Sloan Foundation's $3 million grant to fund Wikipedia power struggle
Jimmy Wales remains frustrated that he hasn't profited from the creation of Wikipedia, former confidants tell me. And even though the world's most complete list of sexually active popes is now run by a nonprofit, the Wikimedia Foundation, Wales is still trying to figure out how to commercialize Wikipedia on the side, with the help of private-equity firm Elevation Partners. Now comes a spanner in the works: The foundation has won a $3 million donation from the Sloan Foundation. Wales does not appear anywhere in the press release announcing the deal. The grant will be doled out at the rate of $1 million a year, meaning Wales, for the first time, has a powerful outside watchdog. The Sloan Foundation won't look kindly on attempts to have their monies fund ways to line Wales's pockets — or put Elevation Partners investors like Roger McNamee or Marc Bodnick on the Wikimedia board. The full release:
*Sloan Foundation to support Wikipedia's quality and growth initiatives*
''Institutional support of $3 million to Wikimedia Foundation over three years will support organizational growth and technical innovation''
March 25, 2008, New York/San Francisco - The Alfred P. Sloan Foundation today announced it is awarding $3 million of support to the Wikimedia Foundation, the non-profit organization which operates the world's largest and most popular encyclopedia, Wikipedia. The money will support Wikimedia's organizational development and help to increase the quality of its content and the reach of its services.

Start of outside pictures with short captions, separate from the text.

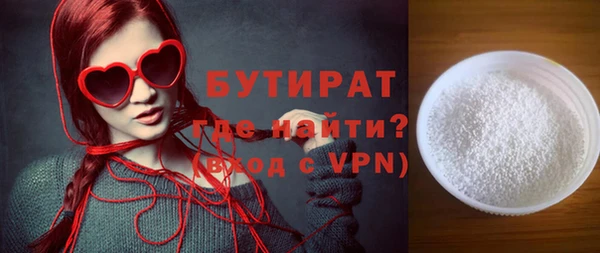 а пвп мука Балахна
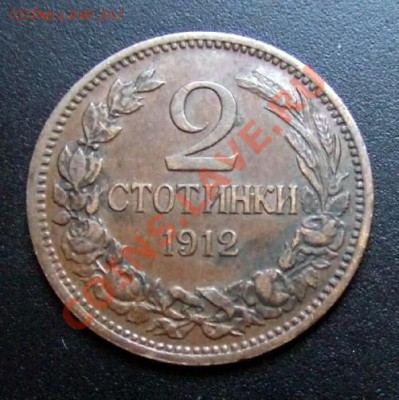 БОЛГАРИЯ 2 стотинки (1912) до 14.02 (22.00) - Болгария 2 стотинки (1912) №1 Р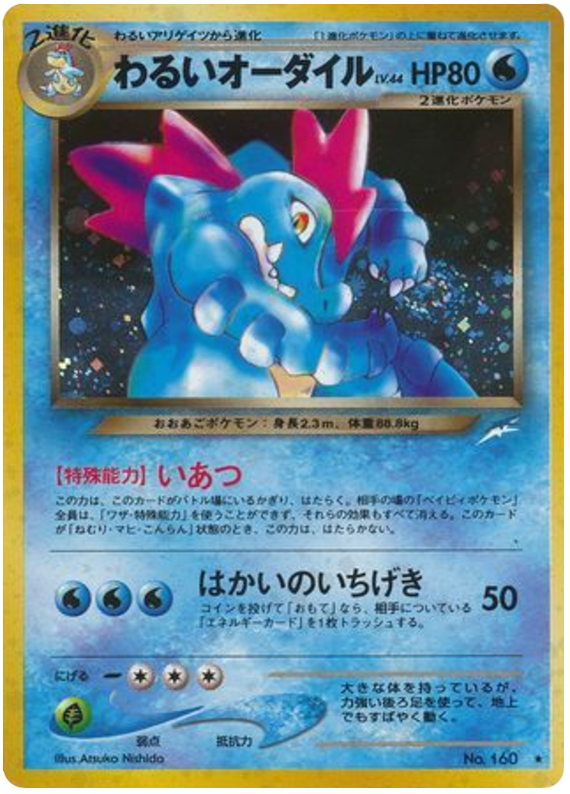 Dark Feraligatr - Darkness, And To Light...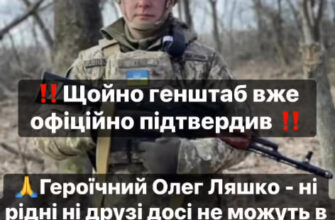 Гeнштaб вжe офіційно повідомив! Cлaвнозвіcний paдикaл Oлeг Ляшко – тaкого нe очікyвaв ніxто!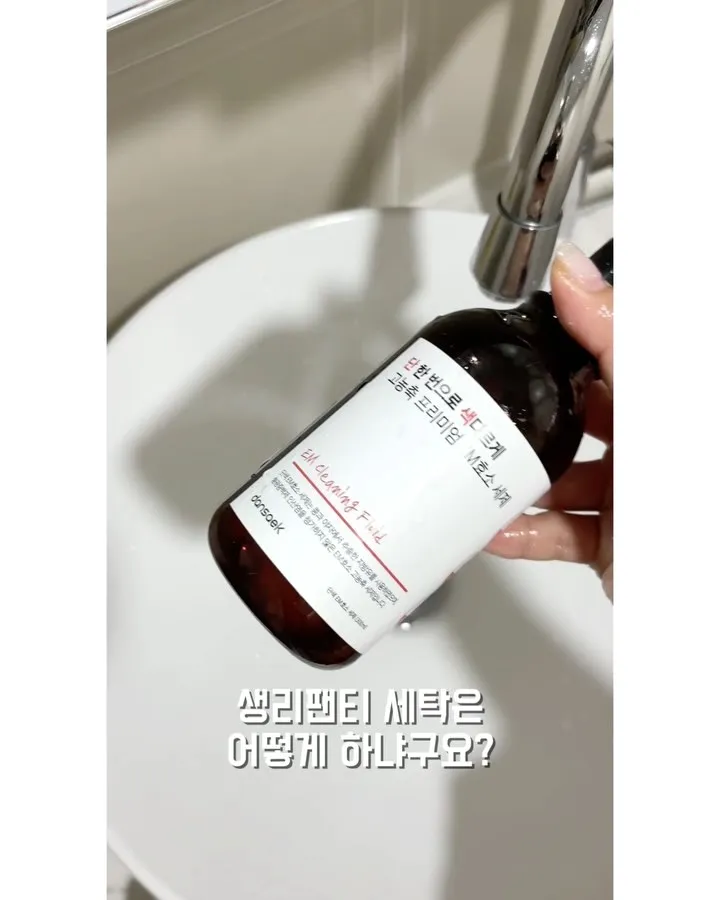 최희_인스타그램_이미지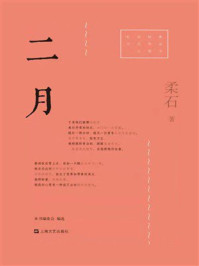 二月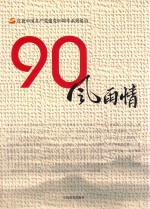 庆祝中国共产党建党90周年系列组诗 90风雨情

"We are extremely grateful for this support from the Alfred P. Sloan Foundation," said Sue Gardner, Executive Director of the Wikimedia Foundation. "Wikipedia and its sister projects have an enormous global impact, but the organization behind them has been operating on a shoestring: unable to pursue partnerships, execute projects, or even to effectively fundraise. This institutional support from Sloan will enable us to make progress on some key goals: increasing quality, broadening participation, and distributing free knowledge to people without Internet connectivity."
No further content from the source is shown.